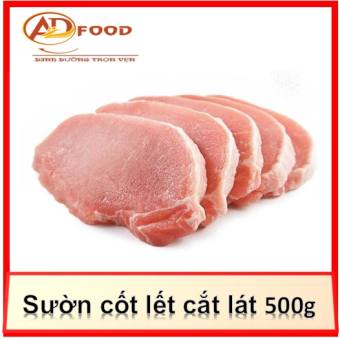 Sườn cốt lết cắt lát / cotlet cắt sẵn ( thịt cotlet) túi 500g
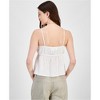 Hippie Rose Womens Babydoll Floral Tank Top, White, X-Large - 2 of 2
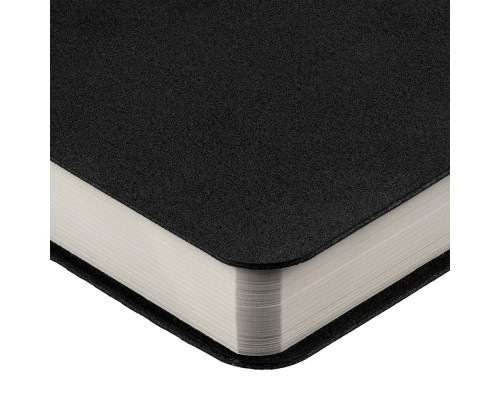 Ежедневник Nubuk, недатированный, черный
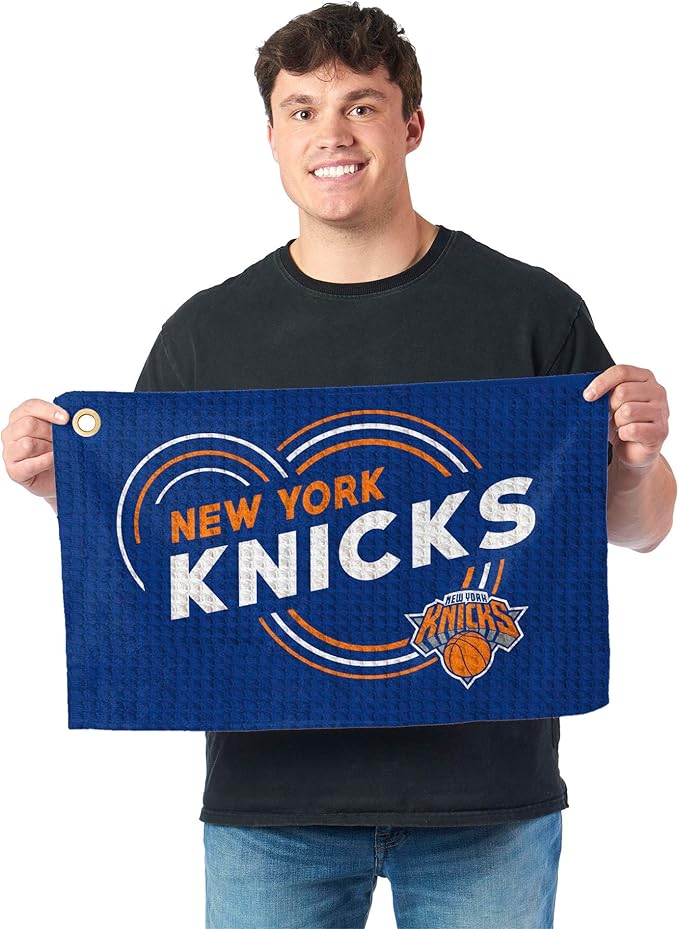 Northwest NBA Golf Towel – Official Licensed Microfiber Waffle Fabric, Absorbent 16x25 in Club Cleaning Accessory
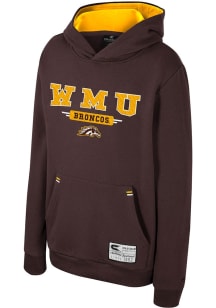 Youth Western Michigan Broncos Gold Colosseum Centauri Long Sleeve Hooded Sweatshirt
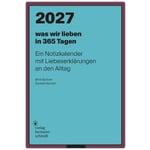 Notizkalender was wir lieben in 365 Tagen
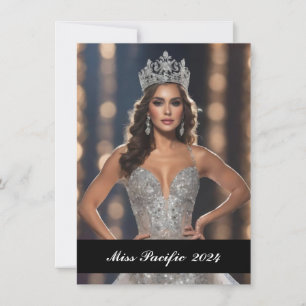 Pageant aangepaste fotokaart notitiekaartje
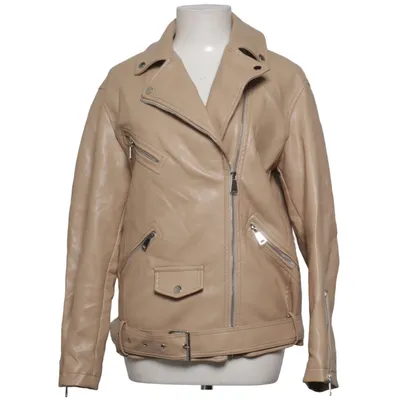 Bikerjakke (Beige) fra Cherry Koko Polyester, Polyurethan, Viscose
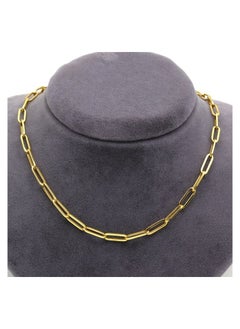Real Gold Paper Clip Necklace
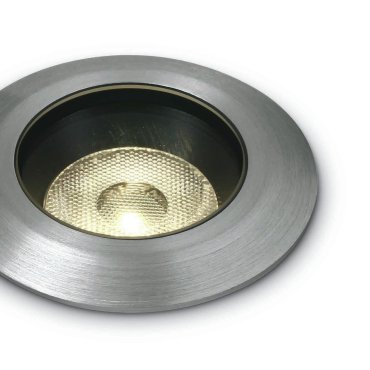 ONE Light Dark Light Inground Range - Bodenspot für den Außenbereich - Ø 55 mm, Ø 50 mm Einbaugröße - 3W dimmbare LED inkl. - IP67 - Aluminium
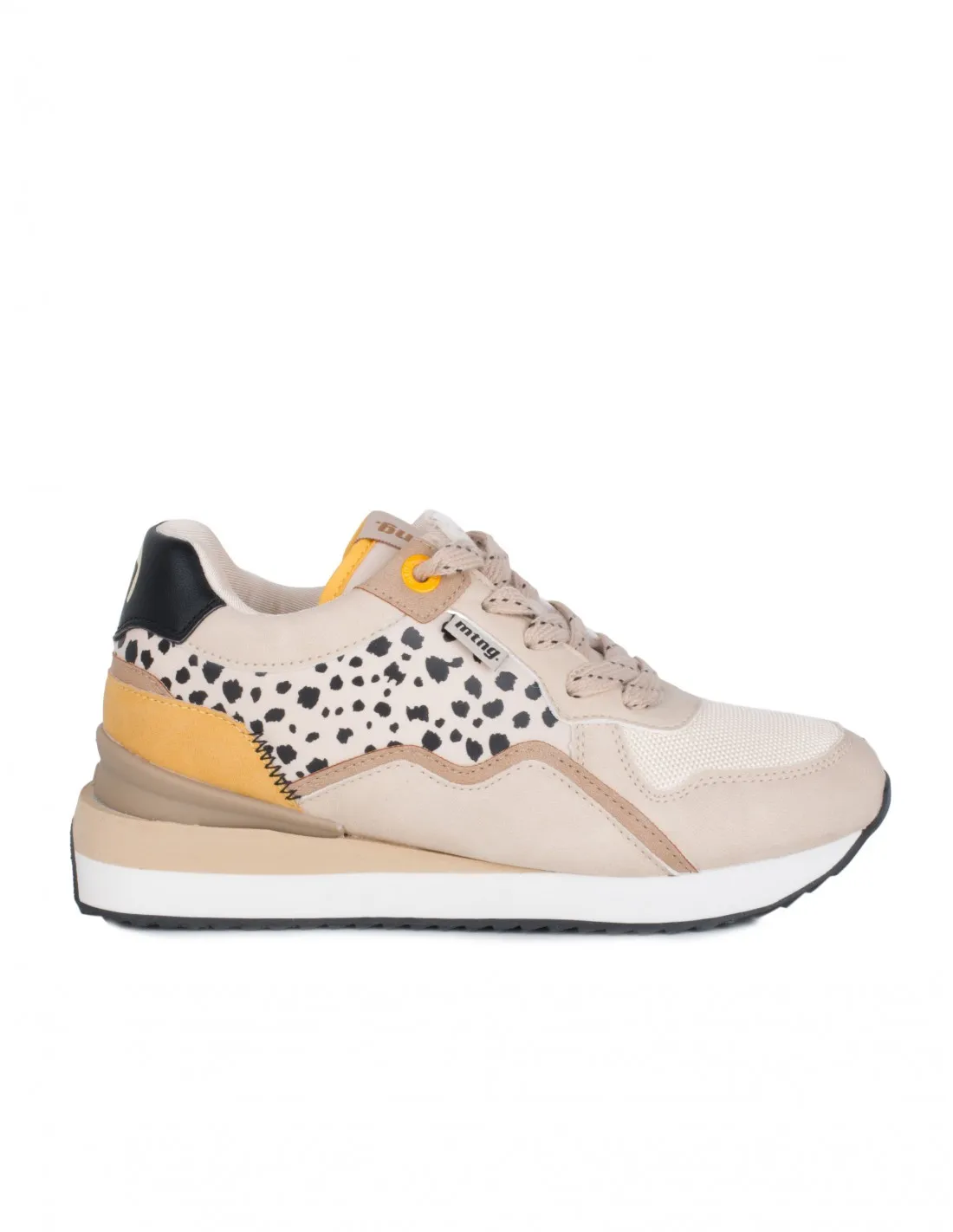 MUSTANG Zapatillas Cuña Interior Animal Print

+ + + +

# Problem to work on
Within the material above, only the stretch from the line holding "Hippie Rose Womens" through the line holding "Bikerjakke (Beige) fra" is to be restated exactly. Pictures are dropped.

# Task output
 Hippie Rose Womens Babydoll Floral Tank Top, White, X-Large - 2 of 2
 Ежедневник Nubuk, недатированный, черный
 Northwest NBA Golf Towel – Official Licensed Microfiber Waffle Fabric, Absorbent 16x25 in Club Cleaning Accessory
 Youth Western Michigan Broncos Gold Colosseum Centauri Long Sleeve Hooded Sweatshirt
 Notizkalender was wir lieben in 365 Tagen
 Pageant aangepaste fotokaart notitiekaartje
 Bikerjakke (Beige) fra Cherry Koko Polyester, Polyurethan, Viscose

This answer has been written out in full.